## What is being asked
Omit all pictures, then retype the data exactly as given.

## Given information
*** Block opens ***

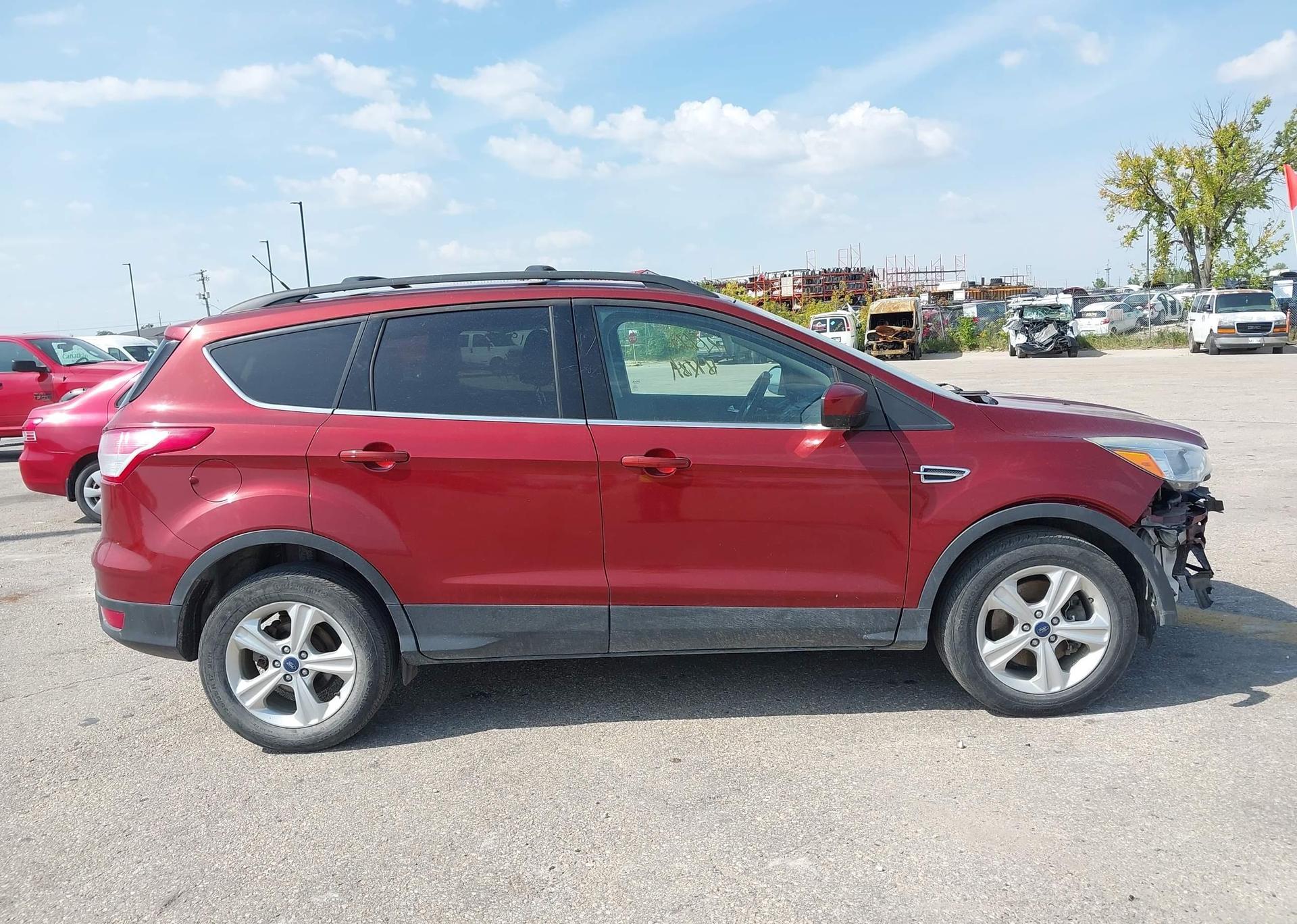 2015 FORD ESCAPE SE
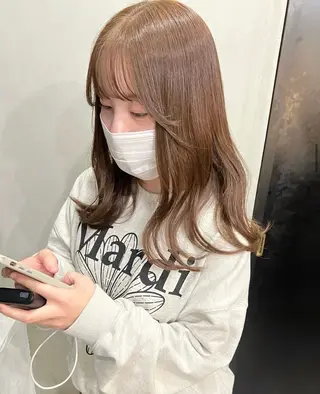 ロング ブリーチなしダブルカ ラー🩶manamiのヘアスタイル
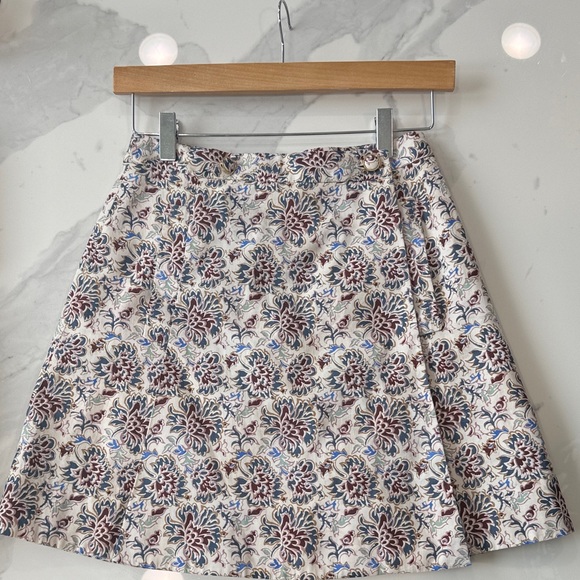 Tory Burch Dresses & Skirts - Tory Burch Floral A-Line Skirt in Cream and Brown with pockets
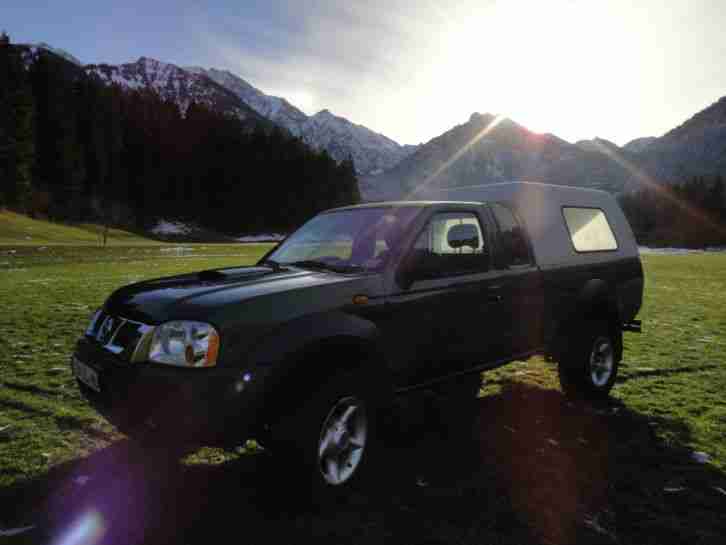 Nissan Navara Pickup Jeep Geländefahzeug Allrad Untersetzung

*** Block closes ***

## Response to the exercise
 2015 FORD ESCAPE SE
 ロング ブリーチなしダブルカ ラー🩶manamiのヘアスタイル
 Tory Burch Dresses & Skirts - Tory Burch Floral A-Line Skirt in Cream and Brown with pockets
 Nissan Navara Pickup Jeep Geländefahzeug Allrad Untersetzung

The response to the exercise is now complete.